Setup environment, dependencies, and data
git clone https://github.com/lapp0/kbert && cd kbert
pip install -r requirements.txt
pip install --pre torch==2.7.0.dev20250110+cu124 --index-url https://download.pytorch.org/whl/nightly/cu124 --upgrade
python data/download_fineweb_edu.py --num_chunks 120 # ~100M tokens / chunk
python data/download_mnli.py
export N_GPU=$(nvidia-smi --query-gpu=name --format=csv,noheader | wc -l)

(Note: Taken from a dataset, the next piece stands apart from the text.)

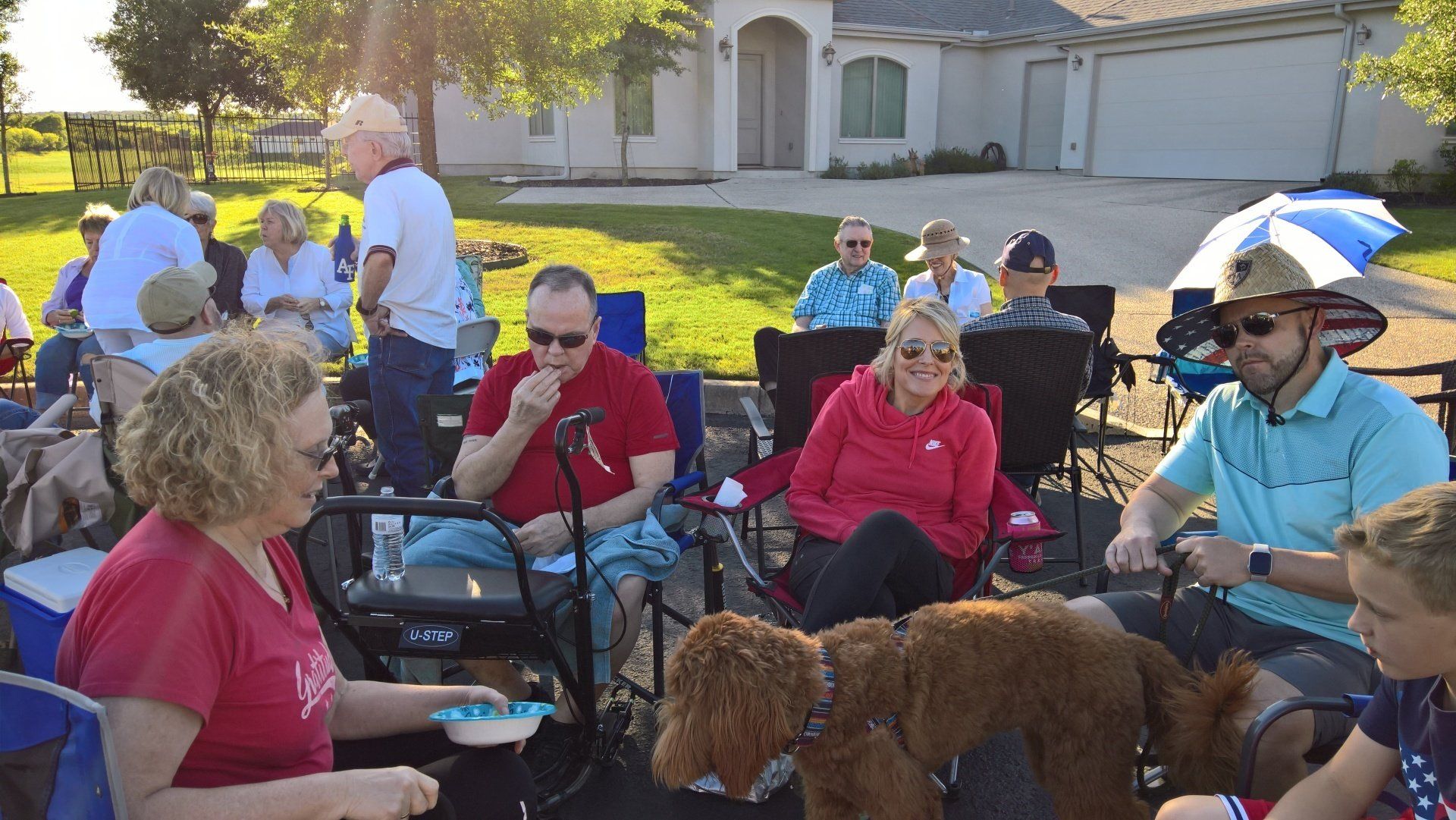 A group of people are sitting around a fire pit with a dog.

Save HF credentials (only need to run once):
huggingface-cli login
torchrun --standalone --nproc_per_node=$N_GPU pretrain.py \
--train.hf_model_name PRETRAINED_HF_URI
torchrun --standalone --nproc_per_node=$N_GPU finetune.py \
--train.base_model PRETRAINED_HF_URI
--train.hf_model_name FINETUNED_HF_URI
KBERT-base | DeBERTa-v3-base | ModernBERT-base | |
---|---|---|---|
Training Tokens | ? | 400 billion* | 1.7 trillion |
Metrics | |||
MNLI | ? | ? | ? |
SQuAD v2.0 | ? | ? | ? |
Parameters | 150M | 185M | 150M |
Encoder Parameters | 106M | 87M | 111M |
Embedding Parameters | 39M | 98M | 39M |
*Estimate is based on papers stated "160GB of data" @ 10 epochs, (estimated 4 bytes per token)